I like the original Mad Max, and I Iove its sequel, The Road Warrior. But when I heard Miller was rebooting the series, I was skeptical. Had it really been that long since he had a hit that he had to rehash this old chestnut? But as buzz grew and trailers were released, and I found out man crush #1 Tom Hardy was involved, it seemed liked Miller might be returning to the well for the right reason… He actually had a new story to tell. By the time I saw Mad Max: Fury Road, it had been out for a week or two and had received more over the top, crazy praise than any movie I can think of in recent memory. In the space of a year or so, I had gone from dreading this movie, to being more excited about it than anything else coming out this year. Even Star Wars. So, did Mad Max: Fury Road live up to the mega hype?
Max (Hardy) is a former cop, now nomad in a post apocalyptic, desert wasteland. He’s carrying a lot of guilt about those who he was unable to save in the past, and has no real interest in building a future for himself. He’s captured and taken prisoner by the War Boys, a group of violent marauders, lead by the dictatorial Immorton Joe (Hugh Keys-Byrne). Meanwhile, Imperator Furiosa (Charlize Theron) has stolen a fortified truck from Joe and is using it to help a group of women, Joe’s “wives”, escape.
When Joe realises what’s going on, he leads a war party across the desert in an increasingly ridiculous and awesome convoy of suped up vehicles. One, belonging to War Boy Nux (Nicolas Hoult) is even complete with a Max strapped to the front as a living hood ornament.
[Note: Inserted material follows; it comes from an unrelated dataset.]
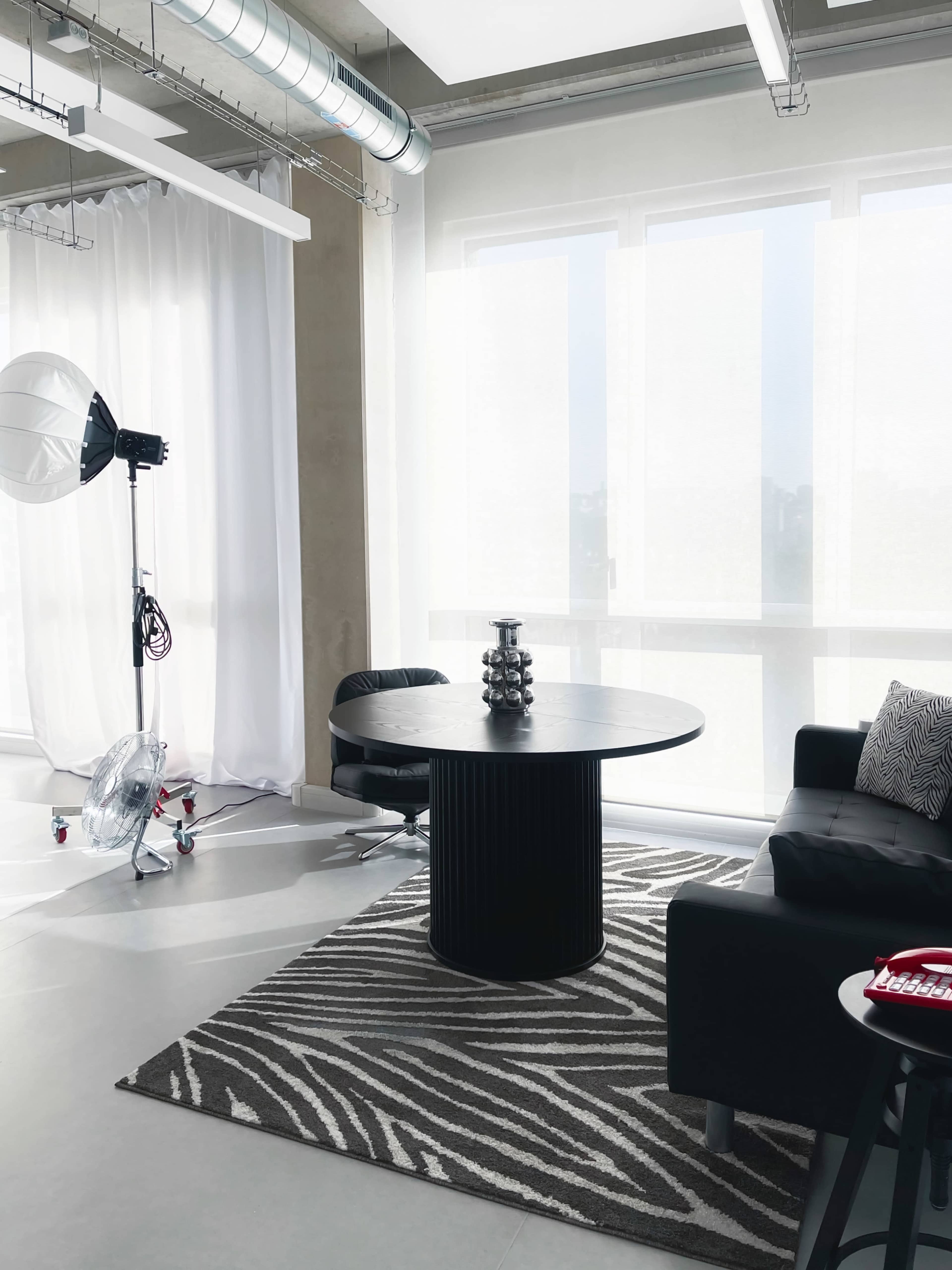 An interior room features a round black table, a black chair, and a couch, accompanied by a large photography light and sheer white curtains.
After an accident in a sand storm, Max escapes and ends up on board Furiosa’s war rig, helping the wives escape.
Mad Max: Fury Road takes the done to death idea of a post apocalyptic wasteland and ramps it up to new, horrific levels. I can’t think of a single other movie that has ever been able to make something so gorgeous out of elements that are so ugly. But that’s exactly what Miller has created. It’s depressing and dangerous and horrible and dirty and basically hell on Earth. But I loved being able to spend this two hours there.
When people think Mad Max, they generally don’t think about the original movie, with it’s almost regular people and regular cars racing down country roads just outside Melbourne. They’re more likely to think of The Road Warrior world of Mad Max, with its deserts, bondage inspired costumes and general insanity. And luckily, that’s the version of Mad Max that George Miller didn’t just bring back to life for Fury Road. He brought it back to life and suped it up to glorious new levels of nut baggery.
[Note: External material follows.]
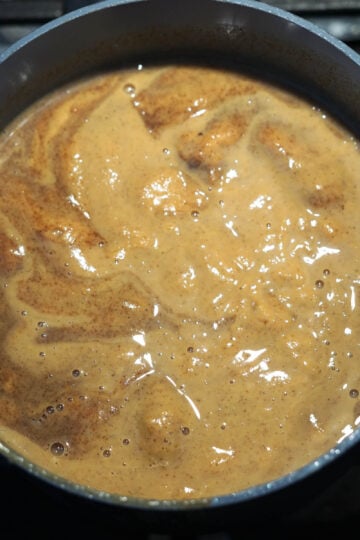 Simmering pumpkin sauce in a pot.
Hardy’s Max is more brooding than Mel Gibson could ever dream of, Theron‘s Furiosa is a badass bitch complete with a scrap metal prosthetic arm who is more of a hero in this movie than the titular ex-cop. And Immorton Joe is the kind of insanely ridiculous bad guy who only works because the movie never for a second worries about making him even close to real or believable or logical. Of course he has a bloke in his war party whose entire job is to rock out with sweet riffs on his flame spewing electric guitar, while riding on the roof of a truck that’s nothing but guitar amps. That’s the world of Mad Max: Fury Road, and it’s perfect in its bat shit craziness.